Community Mourns Death Of Colleague Susan Gardner

Associate Professor Emeritus Susan Gardner died on January 2, 2022. Gardner joined UNC Charlotte’s English Department in 1990 and had taught in the United States, South Africa, Denmark, and New Guinea.

Colleagues described Gardner as a strong advocate for diversity and global engagement who was vibrant, thoughful, kind, and generous to students and colleagues. A memorial service is planned for later in the spring.

Gardner edited or co-edited three books before coming to UNC Charlotte, including Bessie Head: A Bibliography (National English Literary Museum Bibliographic Series No. 1, Grahamstown, South Africa), Four South African PoetsRobert Berold, Jeremy Cronin, Douglas Reid Skinner, and Stephen Watson (National English Literary Museum Interview Series 1, Grahamstown, South Africa), and Miles Franklin’s My Brilliant Career (South African Matriculation set-text edition, Cape Town, South Africa).

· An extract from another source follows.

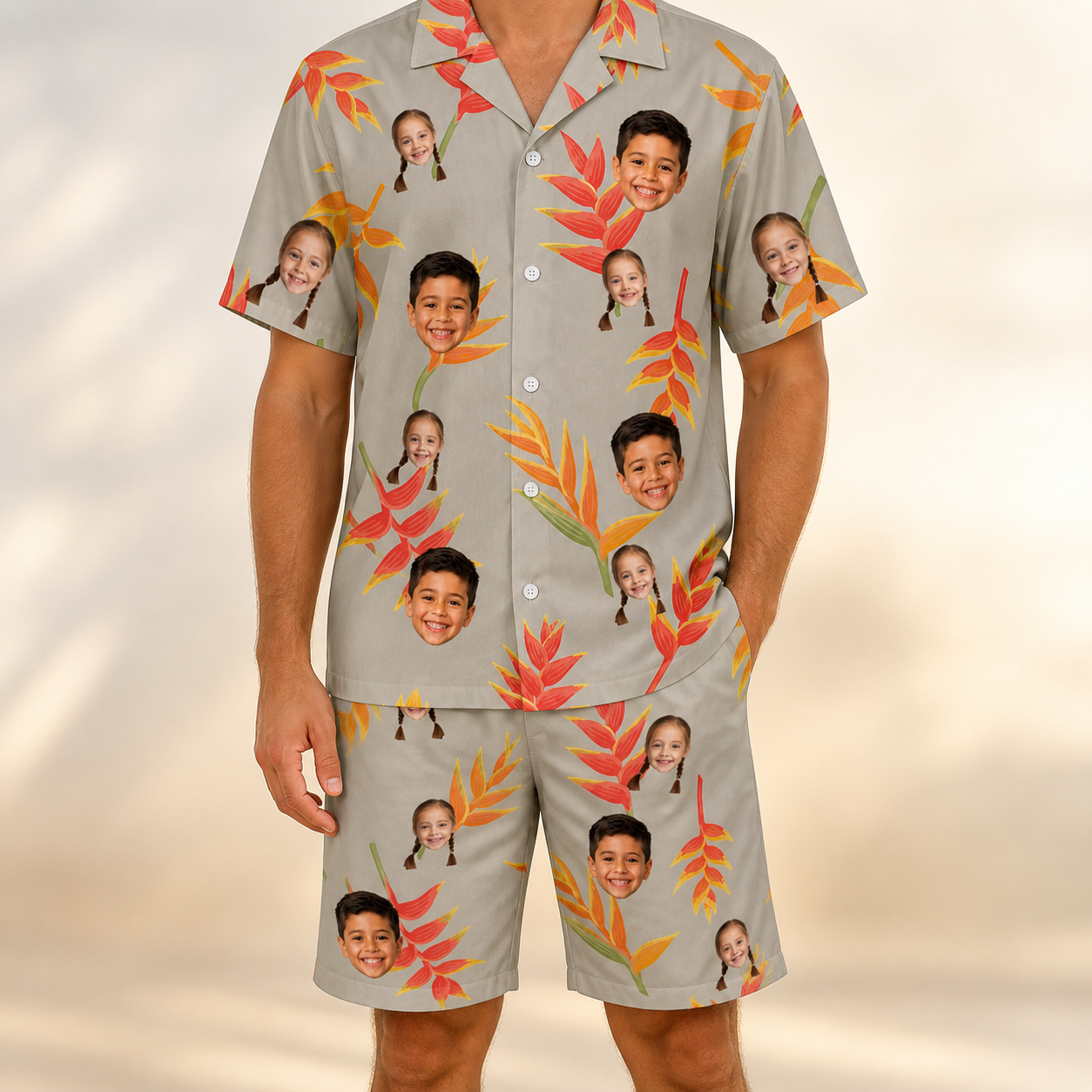 Model wearing Men's Bract Attack Custom Face Shirt & Shorts Set printed with kids' faces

Before her illness, she was working on a biography titled A Vision of Double Woman: Ella Cara Deloria and the Profession of Kinship. She graduated summa cum laude with a French major from Macalester College in Minnesota. She earned a master’s degree in comparative literature from the University of Wisconsin-Madison and at UW Madison and years later completed a doctoral degree in English at Rhodes University in South Africa, where she stayed on to teach at the University of Witwatersrand in Johannesburg and then Rhodes University in Grahamstown. She spent several years at Marquette University in Wisconsin, where she worked with many international students, before joining the faculty at UNC Charlotte.

Among the courses that Gardner regularly taught at UNC Charlotte were Postcolonial Literature, World Literature for Teachers, Contemporary American Indian Literature and Film, and American Indians and Children’s Literature. During the 2006-07 academic year, she served as the resident advisor for UNC Charlotte students at Kingston University London. She published numerous scholarly articles, including several on the American Indian writer Ella Cara Deloria. Many of her publications focused on Native Americans, but she was also interested in Transnational Feminism, Postcolonial Literary Theory, and Life Narrative.

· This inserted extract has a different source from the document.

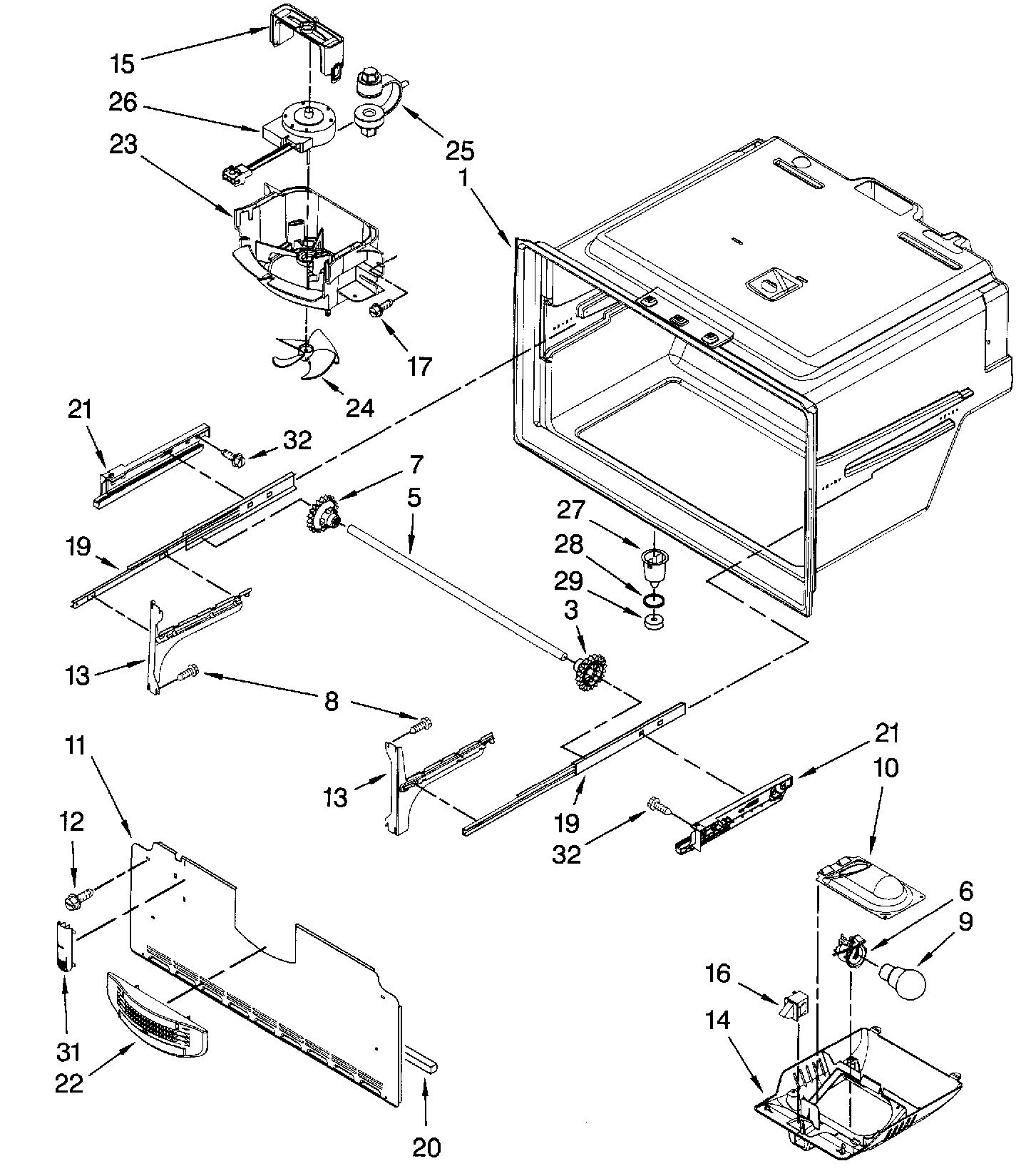 Dacor EF36IWFSS freezer diagram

Gardner retired in 2012 from her full-time position, but she continued to teach as an adjunct faculty member in the American Studies Program and the English Department until 2016. During her career at UNC Charlotte, she helped diversify the English Department’s literature offerings and introduced several courses on American Indian literature and film and was also focused on diversifying American Studies’ mission and curriculum.